TASK TO CARRY OUT: What are the lines from the one containing "Degrenne Luxury French" through the last line of the records below? Return them exactly, leaving out pictures.

RAW DATA:

===============

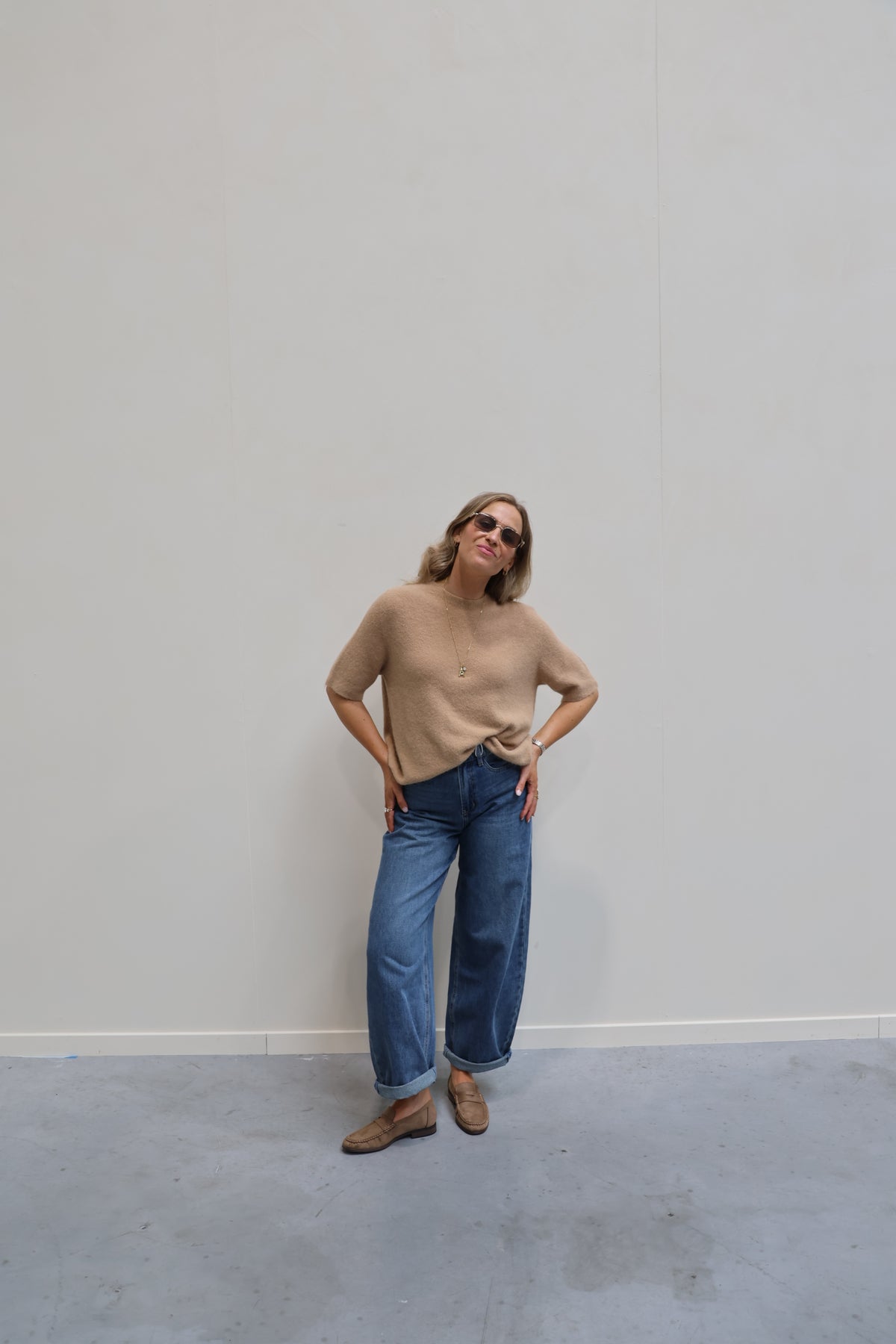 Florien knit met korte mouwen camel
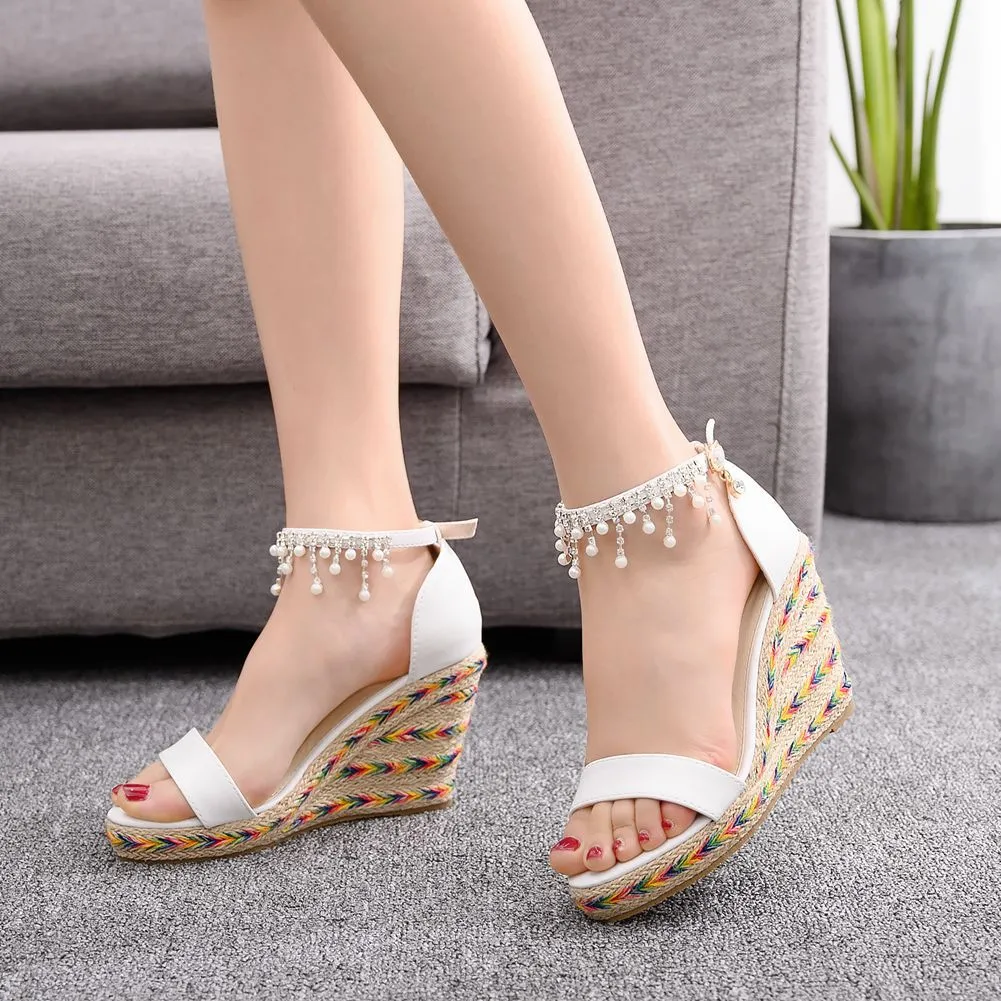 Beaded Waterproof Platform Fishmouth Sandals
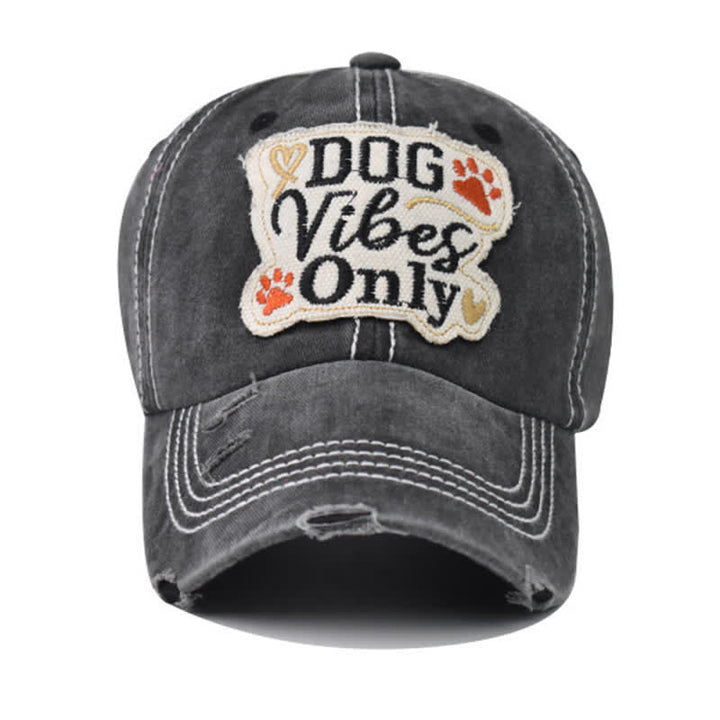 Cappellino da baseball lavato ricamato "Dog Vibes Only"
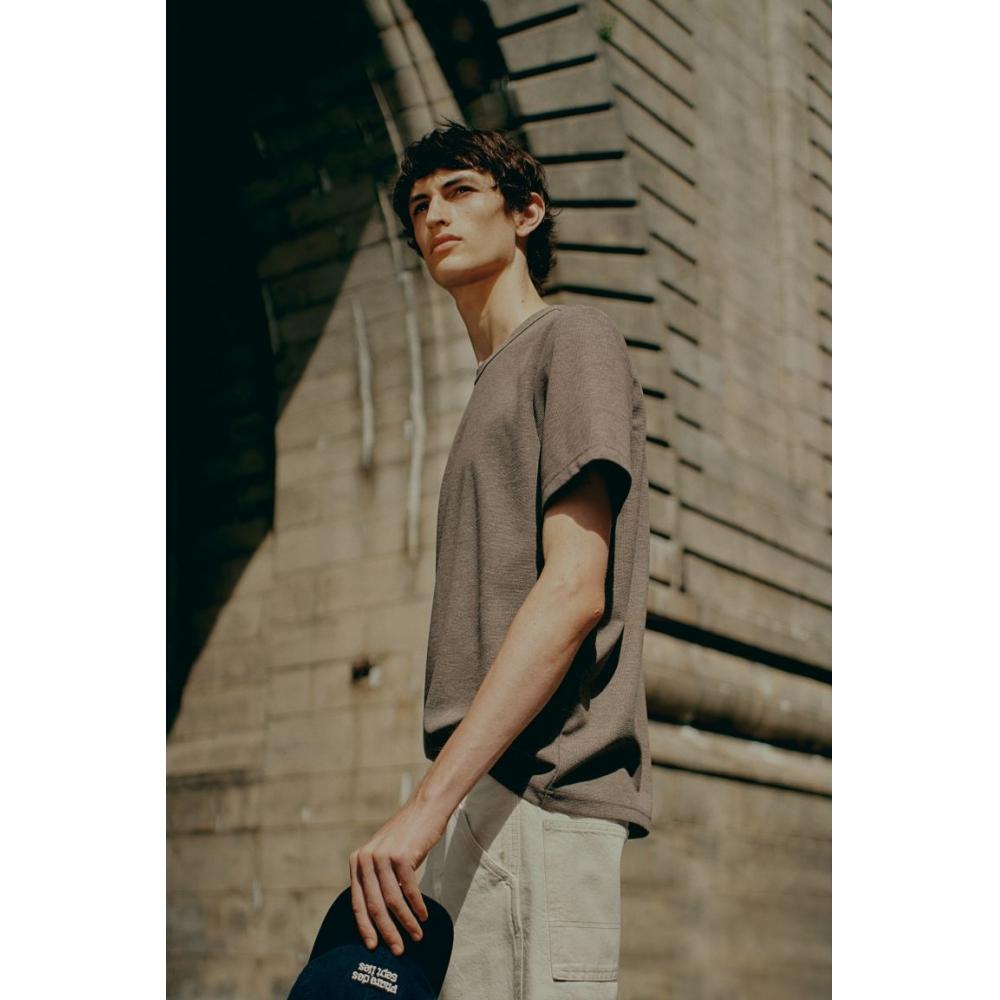 H M Regular FiT Waffle TexTure T sHirT Dark Beige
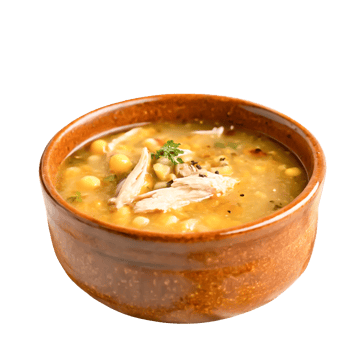 Delicious Chicken and Corn Soup in Rustic Bowl Creamy, Golden Recipe png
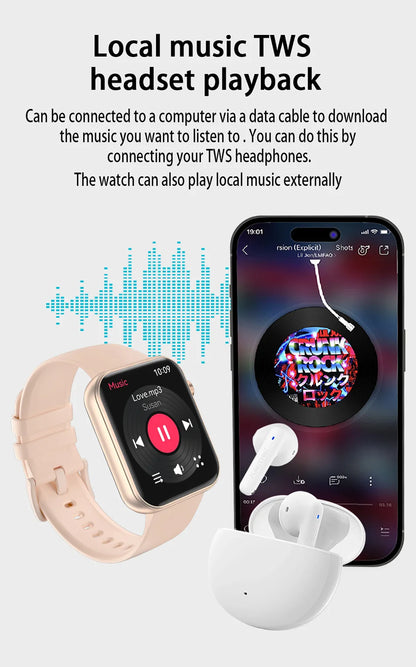 Smartwatch 2025 für Damen und Herren – Kamera, Videoaufzeichnung, Gesundheits- und Fitness-Tracker, wasserdicht, Bluetooth-Anruf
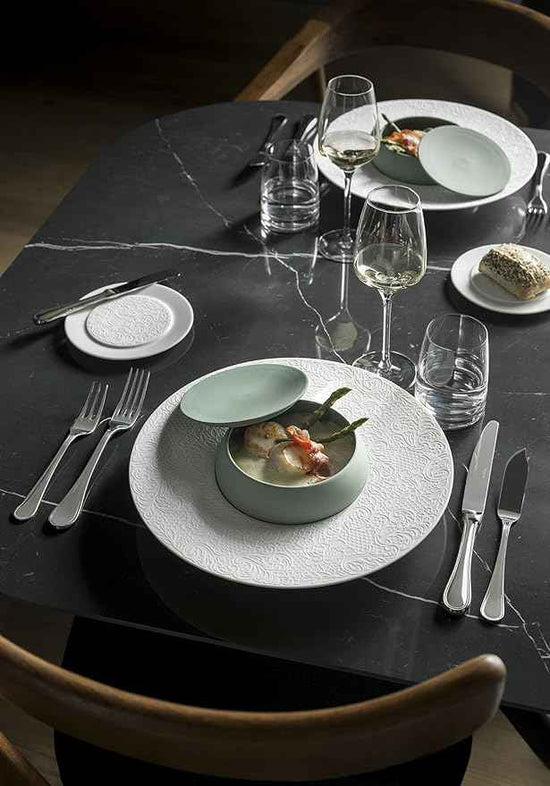 Degrenne Luxury French Cutlery Set - 5 Piece Silverware Set, Includes Forks, Spoons & Knife, Stainless Steel Flatware, Dishwasher Safe, Made in France - Verlaine Collection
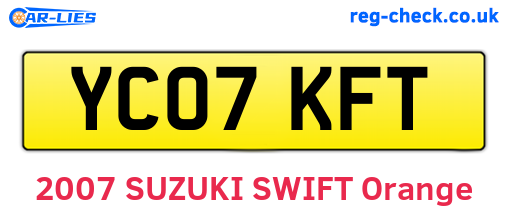 YC07KFT are the vehicle registration plates.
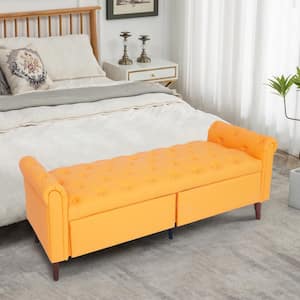 64 in Wide Orange PU Leather Upholstered Rectangle Ottoman with Storage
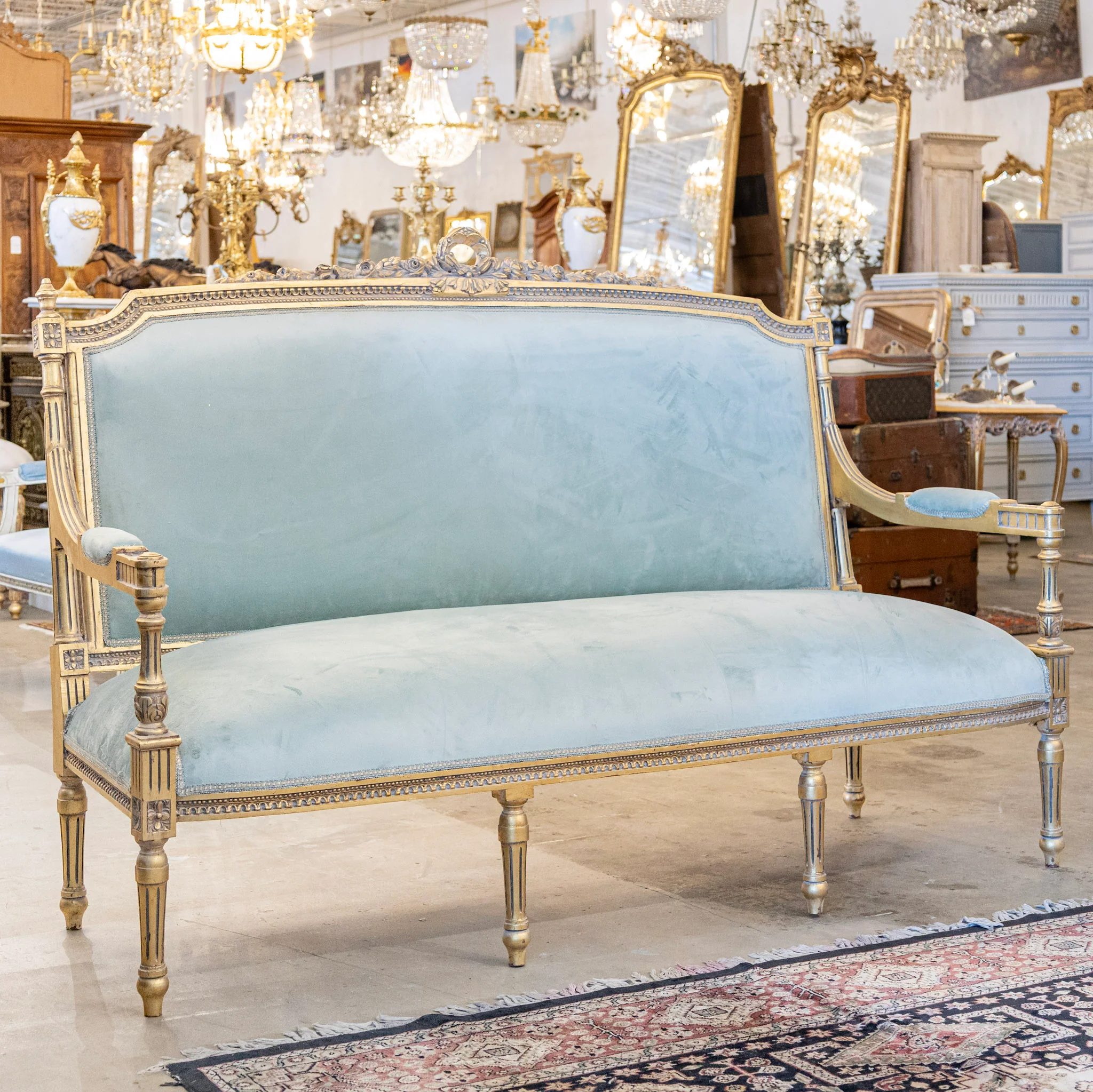 Louis XVI Gilded Sofa – Blue Velvet Upholstery - Image 4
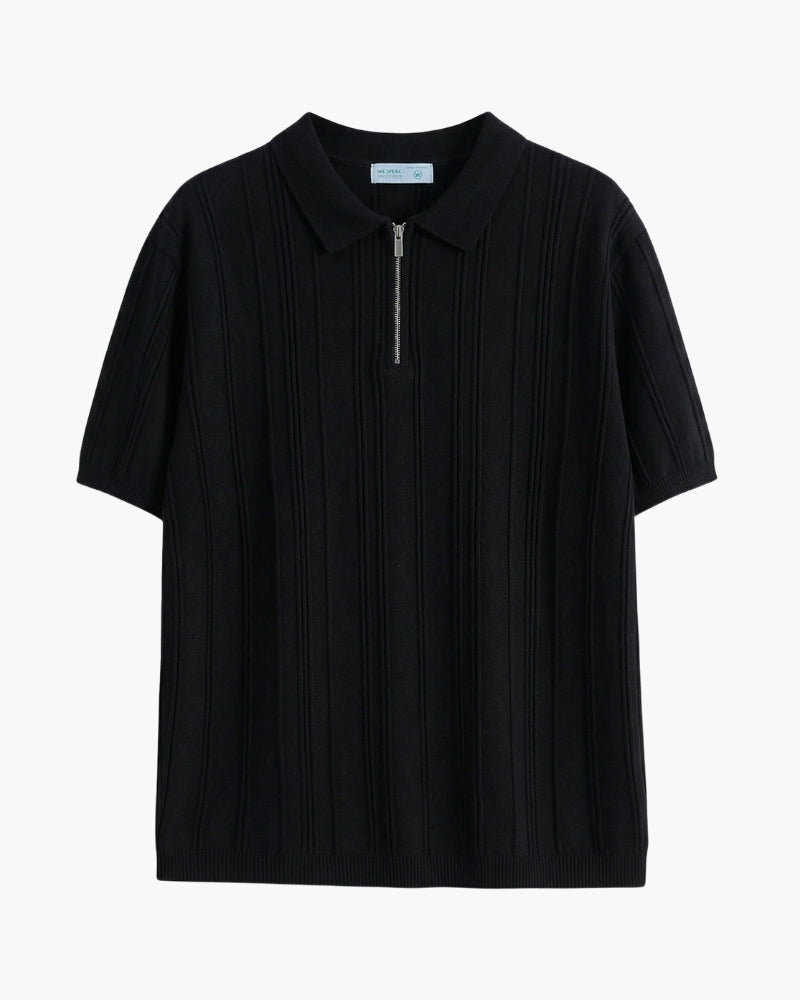 Signature Zip-Up Polo front view black polo shirt Italian Design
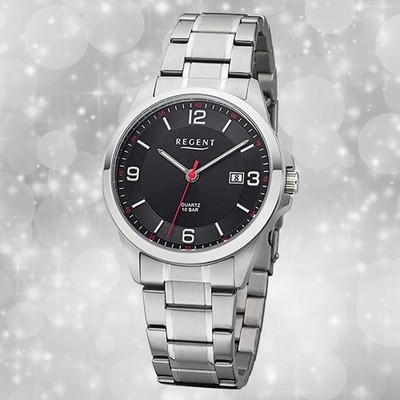 Armbanduhr Metall silber Herren Uhr Analog Regent Metallarmband URF1288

===============

RESPONSE AREA:
 Degrenne Luxury French Cutlery Set - 5 Piece Silverware Set, Includes Forks, Spoons & Knife, Stainless Steel Flatware, Dishwasher Safe, Made in France - Verlaine Collection
 YC07KFT are the vehicle registration plates.
 64 in Wide Orange PU Leather Upholstered Rectangle Ottoman with Storage
 Louis XVI Gilded Sofa – Blue Velvet Upholstery - Image 4
 Signature Zip-Up Polo front view black polo shirt Italian Design
 Armbanduhr Metall silber Herren Uhr Analog Regent Metallarmband URF1288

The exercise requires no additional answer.